Now, earlier I quoted from Acts 1:3 [written by Luke], about the forty days being stated. There Luke said, “he presented himself to them and gave many convincing proofs that he was alive. He appeared to them over a period of forty days.” Today, John says the same thing [differently], as he wrote: “Now Jesus did many other signs in the presence of his disciples.”

This has to be seen in the same terms of the fruit of a tree, as the “Big Tree” is present in the makeup of the good fruit. Even after a “Big Tree” might be cut down, after bearing fruit that has been gathered, the “Big Tree” will appear again in the reproduction of another “Big Tree” just like it … through the seeds produced by the “Big Tree.” Even though the original “Big Tree” will have died and ceased to be, it lives on in the fruit. As unripe fruit, that replanted in good soil, the good fruit will show “signs” of maturing into another “Big Tree.”

What Luke wrote and what John wrote needs to be read in terms the forty days. During that period of time the disciples – the unripe figs of Jesus – began to understand the knowledge of Yahweh was the same within them, as was in Jesus. Moses spent the same amount of time with Yahweh, so when he descended with the Law, Moses word the face of Yahweh. Jesus was born wearing the face of Yahweh. All his good fruit would then mature into wearing that same face of righteousness.
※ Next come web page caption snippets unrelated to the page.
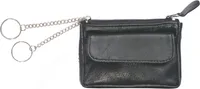 Alassio Schlüssel-Etui, aus Nappa-Leder, schwarz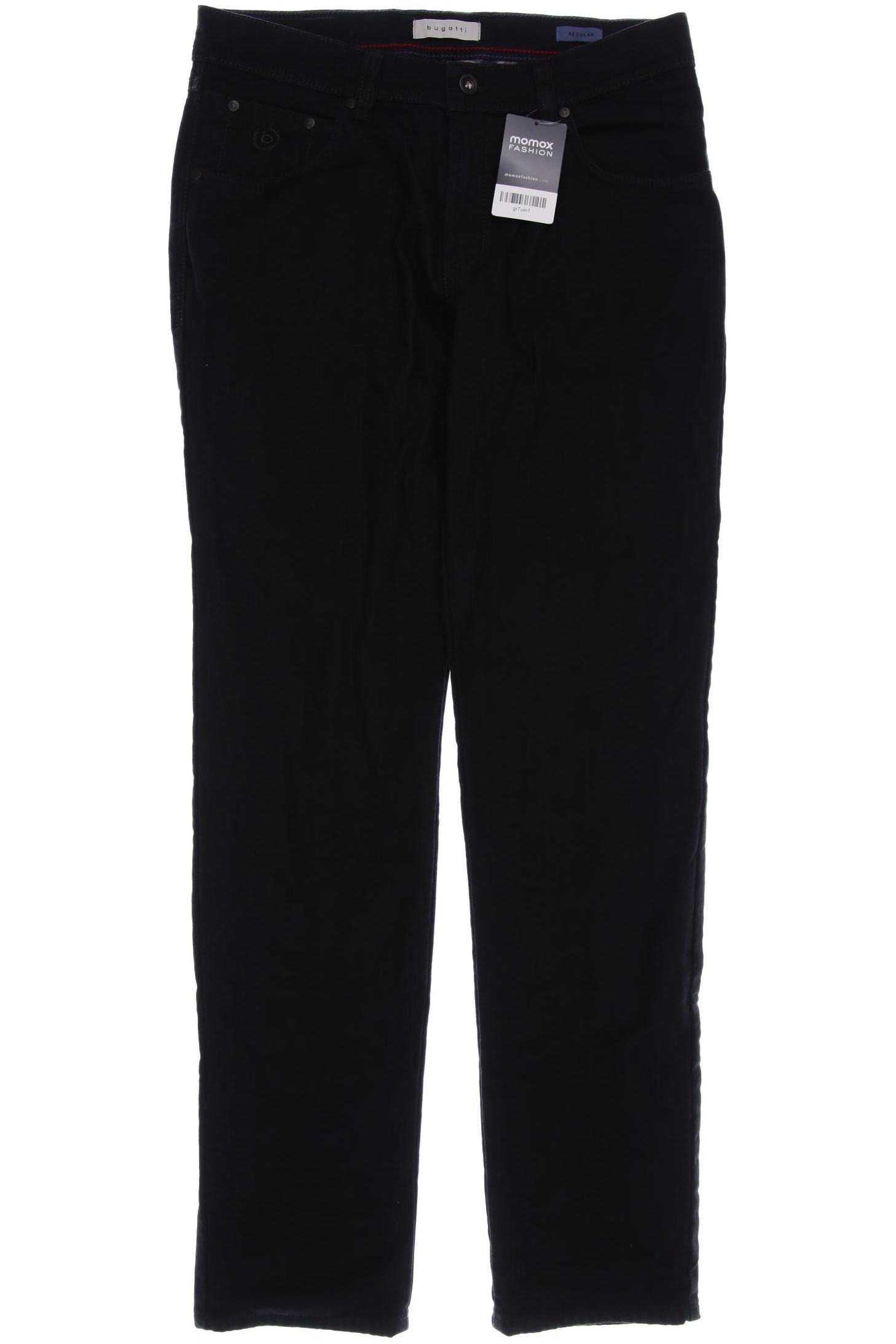 

Bugatti Herren Jeans, schwarz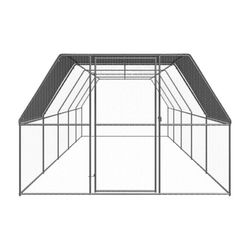 vidaXL Outdoor-Hühnerkäfig Verzinkter Stahl 3 x 10 x 2 m (3089327) vidaXL Outdoor-Hühnerkäfig Verzinkter Stahl 3 x 10 x 2 m (3089327)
There was nothing new that Jesus could teach them, as what more than rising from death can be proof of God? Thus, his disciples spent forty days absorbing the face of Yahweh, by being in God's presence on earth.

The “kingdom of God” Luke said Jesus “spoke about” was themselves. Each of the twelve springs of water [the eleven, plus Matthias] and the seventy palms [the followers and family of Jesus] would become the temples of flesh that totally served Yahweh, just as was Jesus. Think of these numbers in terms of the commissions by Jesus: first the twelve disciples; and, then the seventy sent out in pairs.
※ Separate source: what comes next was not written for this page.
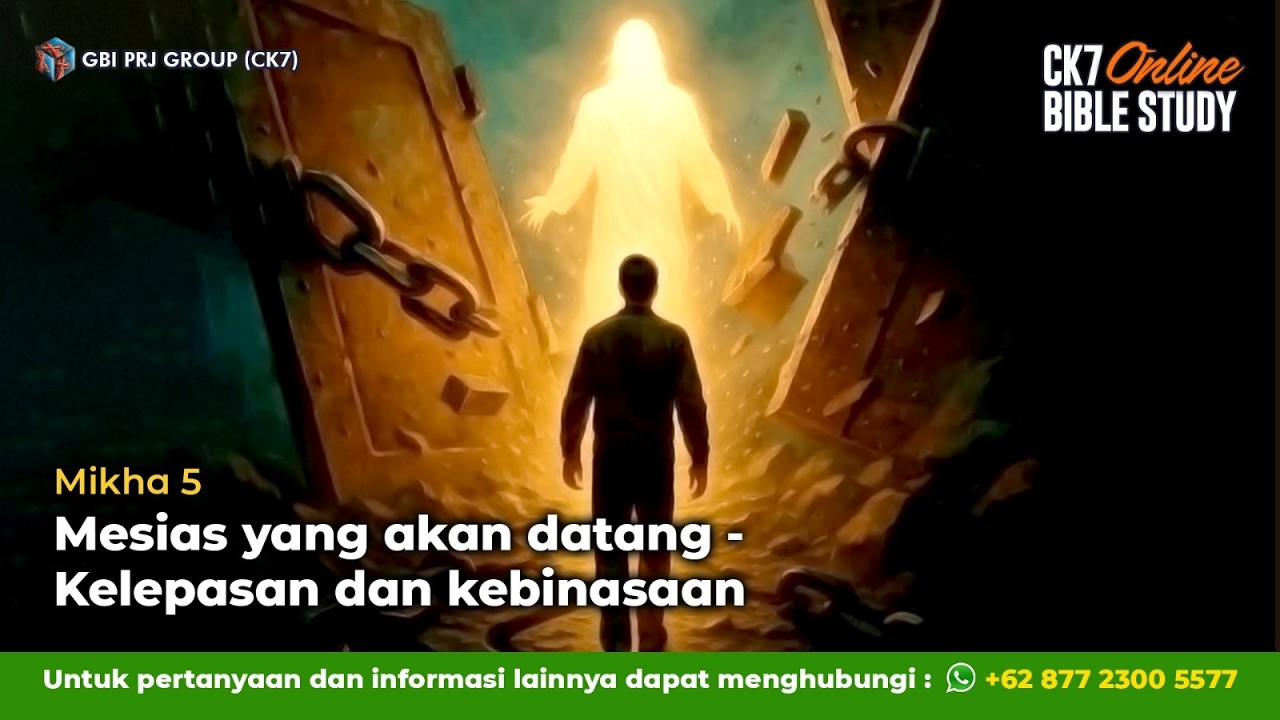 Bible Study Mikha 5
Each would know Yahweh as the Father, with each of them [women and men] becoming Sons of man. Just as the “Big Tree” Jesus had been, they would become a forest of “Big Trees,” all in the name of Jesus, the good fruit of his born unto Yahweh.

This is the reason we have an Easter season. It coincides with the Jewish Counting of the Omer. Everything is leading to a countdown to maturity.

Just as the Apostles suddenly were filled with the Holy Spirit and stood in unison to speak the Word, which set on fire nearly three thousand other Jews, the multiple languages spoken were representative of the multiple types of First Fruits set in the Temple for blessing. Some were figs, some were olives, some were grapes, and some were barley grains; but all were the fruits of Yahweh, with all being His Anointed Sons, reborn in the name that says, “Yahweh Saves” [the meaning of “Jesus”]

The second Sunday of Easter is then, as John wrote, the “eighth day” in the counting to fifty. The countdown is well underway. If you are to be good fruit of Yahweh, it is time to start showing signs that Jesus is in your blood.